Interview by Jakob Lenardič

Please briefly present yourself – your academic career and current position.

I am a Professor of Translation Studies at the School of French, Aristotle University of Thessaloniki, a translator and a literary critic. I have studied Classical, Modern Greek and French literature in Athens (National and Kapodistrian University of Athens) and Paris (Sorbonne-Paris IV), and I was acquainted with corpora and digital tools during my PhD research on translation technologies at Panteion University of Social and Political Sciences. Having an IT background, acquired through informal training, and influenced by the French school of lexicometrical/textometrical analysis, I then took the digital approach to literature. My research focused on corpora and text analysis, text representation and visualisation and their impact on text interpretation, and I adopted the hermeneutical method, according to which text analysis is always qualitative, no matter if the tools and algorithms execute routines to provide quantitative data.

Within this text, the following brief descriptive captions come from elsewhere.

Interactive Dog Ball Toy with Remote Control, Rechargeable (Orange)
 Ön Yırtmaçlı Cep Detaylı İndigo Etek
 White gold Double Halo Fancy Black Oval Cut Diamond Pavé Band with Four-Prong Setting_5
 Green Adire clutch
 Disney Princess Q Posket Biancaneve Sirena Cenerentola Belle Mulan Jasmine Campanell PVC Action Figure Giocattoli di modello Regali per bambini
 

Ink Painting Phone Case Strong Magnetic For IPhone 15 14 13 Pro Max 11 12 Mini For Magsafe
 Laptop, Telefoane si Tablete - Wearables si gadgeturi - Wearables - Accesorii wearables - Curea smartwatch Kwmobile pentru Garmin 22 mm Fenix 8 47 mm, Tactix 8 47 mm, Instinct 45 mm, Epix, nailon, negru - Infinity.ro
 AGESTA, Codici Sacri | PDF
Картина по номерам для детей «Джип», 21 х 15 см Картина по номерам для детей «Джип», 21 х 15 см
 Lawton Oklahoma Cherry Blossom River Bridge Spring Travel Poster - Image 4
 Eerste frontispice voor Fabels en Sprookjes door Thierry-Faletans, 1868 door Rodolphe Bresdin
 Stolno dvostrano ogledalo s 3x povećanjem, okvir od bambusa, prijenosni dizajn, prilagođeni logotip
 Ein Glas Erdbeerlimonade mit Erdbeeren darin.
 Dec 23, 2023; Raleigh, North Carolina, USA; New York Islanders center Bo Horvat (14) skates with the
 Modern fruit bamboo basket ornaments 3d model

Apart from text analysis, I am very interested in the digital textuality from a communicative, semiotic and literary point of view, and I have published a book on digital literary studies (with Katerina Tiktopoulou). Being a founding member of the Semiotics Laboratory at the Faculty of Philosophy, as well as of the Digital Humanities Lab, where I was the first director, I have integrated digital methods and tools in all my graduate and postgraduate courses on literature, translation and semiotics and created two specific courses on computer-assisted literary translation and literary studies. I am currently working on the translation of Geoffrey Rockwell and Stefan Sinclair’s book on the philosophy and methods of hermeneutical text analysis in the humanities, Hermeneutica, which will be published in Greek soon, and I am preparing an introduction to the digital humanities, aiming to contribute to the consolidation of this emerging field in Greece.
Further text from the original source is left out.